If present AI systems are intelligence imposters, then show, don't tell. Otherwise, you're just providing meaningless metaphysical hairsplitting.

[+] Alchemista|2 years ago|reply
Why not respond to the comments you feel are poorly constructed directly rather than posting what looks like a copy pasta. Some of the items in your list seem like strawmen, because I cannot even find these arguments in this thread as you state them in your list.

For example let's take 4

> 4. "People are just anthropomorphizing computer programs." No, critics are anthropomorphizing intelligence.

There literally was someone comparing the problems with current ML models to childhood development in this thread. How is this not anthropomorphizing LLMs? It is true human cognition is poorly defined, so the comparison is not very useful to begin with. Which is why anthropomorphizing ML models is problematic. If someone makes a fantastical claim they need to provide strong proof to support it.

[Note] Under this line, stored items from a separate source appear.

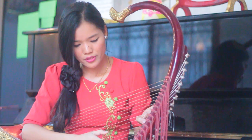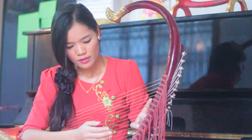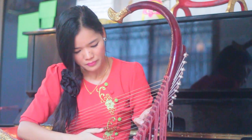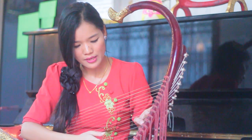We usually play with two fingers and six strings together. We start from G and end at G. The C note is positioned here on the instrument, and we always play like this.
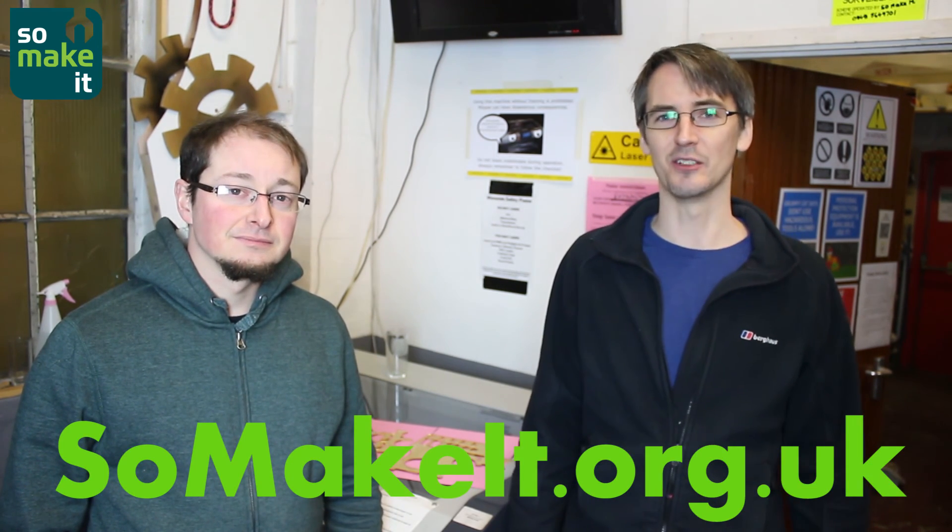Thank you for watching our laser video. If you'd like to join Southampton Makerspace have a look at somakeit.org.uk and you can find out more details. Alright, that's all for now.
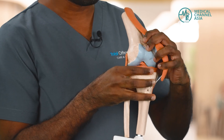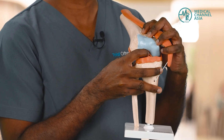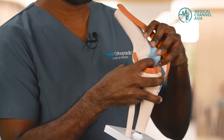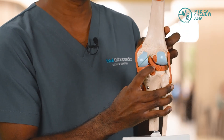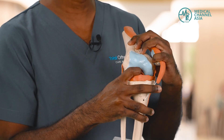Once this is done, we bend the knee and we look at the structures inside the knee. In this model, you can see at the centre of the knee are your cruciate ligaments. At the front, we have the anterior cruciate ligament, otherwise known as the ACL. And at the back, you have the posterior cruciate ligament, otherwise known as the PCL. We are able to assess these ligaments and their integrity through arthroscopy.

[+] kthejoker2|2 years ago|reply
Got this great quote from Garry Kasparov in Wired's article on multi-agent RL[1]:

> “Creativity has a human quality. It accepts the notion of failure."

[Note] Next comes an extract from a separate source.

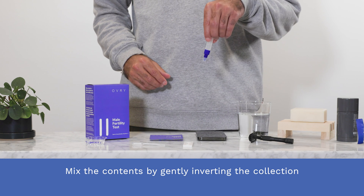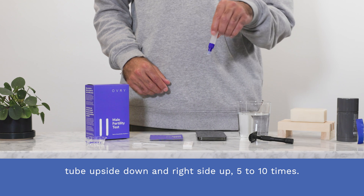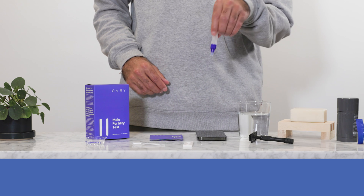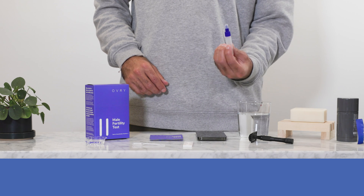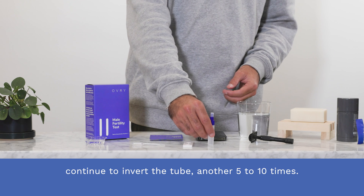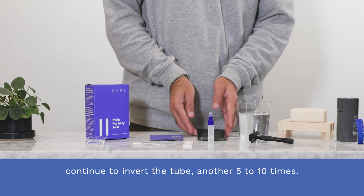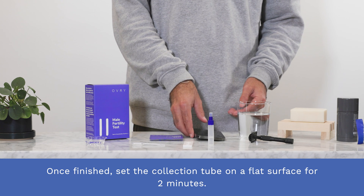Step five. Mix the contents by gently inverting the collection tube upside down and right side up five to ten times. Do not vigorously shake the tube. If the sample is thick and gel-like, continue to invert the tube another five to ten times. Once finished, set the collection tube on a flat surface for two minutes.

As faithful min-maxers, LLMs are always going to have an overconfident Prisoner's Dilemma blind spot in their algorithms. Unlike their cinematic brethren, they're progammatically unable to conclude with "the only winning move is not to play."

This seems like the next major hill to conquer to make them useful.

[1] https://www.wired.com/story/google-artificial-intelligence-c... - kind of a meh article otherwise

[+] keybored|2 years ago|reply
Disclaimer: didn’t read

The implicit comparison is probably to us. And we aren’t gullible like that perhaps as a flip-side of all the weird built-in biases we have.

So on the one hand we have these cognitive shortcuts that are annoying and impede a sort of stone-cold rationality. On the other hand you can’t social engineer us with something as brain-dead as Walter White-injection by way of asking for a deceased chemist grandma story.

[+] dist-epoch|2 years ago|reply
Because they are at a child level of development. Give it a few years.

https://en.wikipedia.org/wiki/Child_development_stages

[+] Alchemista|2 years ago|reply
I don't think anthropomorphizing ML models is very useful
[+] Verdex|2 years ago|reply
Another possibility is that the only thing that LLMs are doing is encoding the structural data that exists in natural language. For example, you can load a corpus into vector space and then do algebra like:

  let v = man - woman;
  let r = king - v;
  assert( r == queen );
or so I'm told.

And then it turns out that those structures only have the intelligence of a child. Arbitrary LLM and other ML advancements that focus solely on scanning large natural language datasets may never be able to advance past child level intelligence if the intelligence that they're approximating isn't better than a child.